Architecture
Jim Olson

Intuitive & Personal with Jim Olson / Olson Kundig

Jim Olson is the co-founder of Seattle-based firm Olson Kundig Architects. They achieved so many great and one of a kind projects together with Tom Kundig and a grand team full of with architects who are specialized on their fields. The firms existence based on 1966 with the purpose of creating a bridge between nature, culture, histories and people. Through his career for over five decades, he worked in various projects such as museums, commercial spaces, places of worships but he is best known for residential spaces. All of his works come as a fresh eye to modern architecture and surely  they are beyond the time. Apart from a bridge between nature and architecture, his works are so blended to nature and landscape that it almost feels like they have always been there as a part of nature.

The existence of Olson Kundig firm is based on more than five decades, how did your journey start?

In the late 1960s, I started a firm with a colleague of mine,Gordon Walker, which we called Olson Walker. We each had a couple of clients who wanted us to design homes for them, and our vision was to fully collaborate on every design. Very soon we realized that equal collaboration made it difficult to make decisions because design is so personal. We adapted our strategy to a system where one of us would be the “design lead” for each project, with the other giving advice. It made each design decision much simpler while still fostering the kind of collaboration we were seeking.

 

Your projects have an amazing integrity, how your ideas inspire each others’ while creating this coherence?

Every design is inspired and informed by the client’s aspirations and opinions, as well as the site, the climate and the culture where we are building. Thus each building is unique from the others because every building’s set of circumstances is unique.

 

The idea of the firm is based on creating a harmony between buildings and nature, what are the things you focus on while choosing a land scape?

Like the building, the landscape design is influenced by the project site and its natural surroundings, as well as the climate, culture and client’s aspirations. My goal for the landscape is that it feels appropriate to its setting, as if it had always been growing there naturally.

 

Many of your projects has made tremendous impact on various countries, which one of them was your biggest accomplishment?

I think the JW Marriott Los Cabos Beach Resort & Spa is my biggest achievement.

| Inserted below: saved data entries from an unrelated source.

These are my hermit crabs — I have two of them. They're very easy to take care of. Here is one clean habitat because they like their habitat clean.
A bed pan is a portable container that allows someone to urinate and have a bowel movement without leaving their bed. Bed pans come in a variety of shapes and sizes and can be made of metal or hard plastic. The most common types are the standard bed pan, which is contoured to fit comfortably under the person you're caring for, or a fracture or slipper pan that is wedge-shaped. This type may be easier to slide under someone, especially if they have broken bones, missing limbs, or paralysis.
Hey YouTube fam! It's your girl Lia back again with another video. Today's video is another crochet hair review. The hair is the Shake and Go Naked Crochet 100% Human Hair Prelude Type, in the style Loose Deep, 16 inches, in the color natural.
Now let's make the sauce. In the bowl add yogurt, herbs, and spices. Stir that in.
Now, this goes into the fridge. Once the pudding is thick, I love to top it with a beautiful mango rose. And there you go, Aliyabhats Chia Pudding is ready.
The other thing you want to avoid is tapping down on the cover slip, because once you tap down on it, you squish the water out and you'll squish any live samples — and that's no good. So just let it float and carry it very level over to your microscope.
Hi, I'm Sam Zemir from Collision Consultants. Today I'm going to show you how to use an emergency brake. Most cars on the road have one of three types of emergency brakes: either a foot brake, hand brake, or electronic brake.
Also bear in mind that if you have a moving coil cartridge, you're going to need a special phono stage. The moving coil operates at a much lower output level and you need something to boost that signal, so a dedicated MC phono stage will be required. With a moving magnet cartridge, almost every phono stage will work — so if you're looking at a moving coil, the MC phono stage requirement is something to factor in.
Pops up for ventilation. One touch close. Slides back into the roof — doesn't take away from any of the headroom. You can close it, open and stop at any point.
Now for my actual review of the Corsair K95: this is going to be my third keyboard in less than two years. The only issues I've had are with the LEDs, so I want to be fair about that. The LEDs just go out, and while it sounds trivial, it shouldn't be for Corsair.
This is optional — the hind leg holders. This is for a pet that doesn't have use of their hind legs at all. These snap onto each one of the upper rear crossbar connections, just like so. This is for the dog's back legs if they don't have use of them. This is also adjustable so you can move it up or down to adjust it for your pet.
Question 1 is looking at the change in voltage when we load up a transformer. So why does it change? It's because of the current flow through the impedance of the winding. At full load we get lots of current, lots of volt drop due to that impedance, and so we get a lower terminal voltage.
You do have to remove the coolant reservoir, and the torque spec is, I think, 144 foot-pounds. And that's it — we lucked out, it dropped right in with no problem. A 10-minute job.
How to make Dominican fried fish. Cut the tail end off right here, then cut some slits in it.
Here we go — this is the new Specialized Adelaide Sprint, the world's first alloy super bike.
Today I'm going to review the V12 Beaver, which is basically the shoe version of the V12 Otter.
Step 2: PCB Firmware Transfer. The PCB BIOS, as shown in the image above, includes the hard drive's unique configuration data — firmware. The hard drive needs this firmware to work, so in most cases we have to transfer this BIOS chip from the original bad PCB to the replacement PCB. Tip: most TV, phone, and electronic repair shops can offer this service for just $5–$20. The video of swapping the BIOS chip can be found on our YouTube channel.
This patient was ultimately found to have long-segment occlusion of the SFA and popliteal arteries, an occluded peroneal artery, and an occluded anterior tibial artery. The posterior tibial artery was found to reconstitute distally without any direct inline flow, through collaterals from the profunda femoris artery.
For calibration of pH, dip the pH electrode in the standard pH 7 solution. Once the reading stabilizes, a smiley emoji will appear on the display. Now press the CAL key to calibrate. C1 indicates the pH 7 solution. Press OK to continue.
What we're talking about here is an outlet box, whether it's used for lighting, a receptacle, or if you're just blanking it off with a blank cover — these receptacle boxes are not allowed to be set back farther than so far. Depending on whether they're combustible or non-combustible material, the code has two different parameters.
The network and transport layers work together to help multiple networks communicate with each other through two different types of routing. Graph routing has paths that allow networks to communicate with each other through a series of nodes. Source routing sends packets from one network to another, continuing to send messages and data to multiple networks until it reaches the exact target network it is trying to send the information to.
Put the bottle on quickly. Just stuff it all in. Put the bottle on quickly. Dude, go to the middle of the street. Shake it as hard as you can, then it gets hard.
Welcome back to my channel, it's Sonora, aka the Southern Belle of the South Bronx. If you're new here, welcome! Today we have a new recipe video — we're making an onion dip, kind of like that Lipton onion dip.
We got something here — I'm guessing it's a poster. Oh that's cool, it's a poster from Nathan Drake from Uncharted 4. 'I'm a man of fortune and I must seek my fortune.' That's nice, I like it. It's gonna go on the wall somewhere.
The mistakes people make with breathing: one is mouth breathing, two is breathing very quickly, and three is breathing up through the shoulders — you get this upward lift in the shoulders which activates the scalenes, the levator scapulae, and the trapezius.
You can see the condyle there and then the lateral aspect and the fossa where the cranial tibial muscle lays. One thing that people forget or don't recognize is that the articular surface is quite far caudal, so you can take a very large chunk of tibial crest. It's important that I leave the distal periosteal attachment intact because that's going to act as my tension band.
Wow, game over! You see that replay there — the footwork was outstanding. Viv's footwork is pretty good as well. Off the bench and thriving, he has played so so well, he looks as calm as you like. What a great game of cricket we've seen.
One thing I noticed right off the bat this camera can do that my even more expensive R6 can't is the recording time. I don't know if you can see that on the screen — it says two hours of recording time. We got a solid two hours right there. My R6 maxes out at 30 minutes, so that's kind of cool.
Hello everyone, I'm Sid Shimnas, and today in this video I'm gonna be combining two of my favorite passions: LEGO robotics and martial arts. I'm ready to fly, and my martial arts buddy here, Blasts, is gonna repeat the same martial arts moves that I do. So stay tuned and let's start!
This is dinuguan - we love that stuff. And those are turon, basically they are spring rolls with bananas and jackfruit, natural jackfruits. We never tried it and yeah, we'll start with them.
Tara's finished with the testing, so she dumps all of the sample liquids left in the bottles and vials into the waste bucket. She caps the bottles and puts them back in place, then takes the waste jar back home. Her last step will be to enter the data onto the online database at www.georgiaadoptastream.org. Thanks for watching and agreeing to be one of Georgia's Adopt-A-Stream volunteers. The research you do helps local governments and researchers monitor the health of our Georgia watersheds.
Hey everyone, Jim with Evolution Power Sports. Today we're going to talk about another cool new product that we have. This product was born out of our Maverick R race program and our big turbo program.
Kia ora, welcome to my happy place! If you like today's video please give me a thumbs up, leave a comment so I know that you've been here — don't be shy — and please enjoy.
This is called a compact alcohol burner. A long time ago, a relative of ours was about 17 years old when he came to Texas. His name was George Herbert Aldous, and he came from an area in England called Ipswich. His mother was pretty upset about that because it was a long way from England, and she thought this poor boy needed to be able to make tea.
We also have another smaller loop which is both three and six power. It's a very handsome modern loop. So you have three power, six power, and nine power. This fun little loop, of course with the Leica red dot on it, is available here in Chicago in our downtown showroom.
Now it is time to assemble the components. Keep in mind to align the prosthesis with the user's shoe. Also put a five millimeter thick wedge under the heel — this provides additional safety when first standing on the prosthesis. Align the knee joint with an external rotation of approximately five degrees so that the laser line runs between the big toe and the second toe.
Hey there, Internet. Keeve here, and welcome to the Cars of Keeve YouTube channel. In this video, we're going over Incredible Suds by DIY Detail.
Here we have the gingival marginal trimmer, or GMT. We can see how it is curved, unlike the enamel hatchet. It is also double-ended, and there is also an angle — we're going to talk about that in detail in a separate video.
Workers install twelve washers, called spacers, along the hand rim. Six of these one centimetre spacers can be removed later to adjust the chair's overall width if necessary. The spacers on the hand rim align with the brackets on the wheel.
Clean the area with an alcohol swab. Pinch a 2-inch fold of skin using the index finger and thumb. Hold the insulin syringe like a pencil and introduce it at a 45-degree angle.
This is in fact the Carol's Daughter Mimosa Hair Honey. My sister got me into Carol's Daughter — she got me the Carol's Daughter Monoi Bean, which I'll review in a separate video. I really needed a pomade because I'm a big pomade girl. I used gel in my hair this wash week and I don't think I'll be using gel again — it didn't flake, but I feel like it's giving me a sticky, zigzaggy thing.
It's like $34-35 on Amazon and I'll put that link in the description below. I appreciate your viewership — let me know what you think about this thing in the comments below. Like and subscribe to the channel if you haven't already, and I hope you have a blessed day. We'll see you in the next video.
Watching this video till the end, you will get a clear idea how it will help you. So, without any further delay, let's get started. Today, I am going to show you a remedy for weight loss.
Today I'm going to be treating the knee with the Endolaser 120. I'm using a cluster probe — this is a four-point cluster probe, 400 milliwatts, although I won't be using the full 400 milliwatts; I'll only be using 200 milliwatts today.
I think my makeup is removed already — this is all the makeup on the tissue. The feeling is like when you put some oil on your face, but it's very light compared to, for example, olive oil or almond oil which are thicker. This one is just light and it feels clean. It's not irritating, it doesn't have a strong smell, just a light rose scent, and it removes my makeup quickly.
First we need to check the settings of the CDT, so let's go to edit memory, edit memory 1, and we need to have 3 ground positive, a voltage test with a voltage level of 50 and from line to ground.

I had never designed a hotel before, but the client saw my work in one of my books, Jim Olson: Houses, and said, “if you can do these homes, you can do my hotel.” Compared to my typical house, this project was enormous, but I approached it in the same way I would a home – a very large home.

 

Collaborative works are sometimes harder to accomplish but there’s a great cooperation in your firm, what would you suggest to people who start to new collaborations?

Aesthetics are intuitive, personal and subjective, so clear team structure is an important element of collaboration. As I mentioned above, decision-making is much easier if one person is the “design lead” and has the final word in design decisions. Other team members remain deeply engaged and still offer advice and opinions about the design, and the “design lead” synthesizes all of that input and makes the final decision.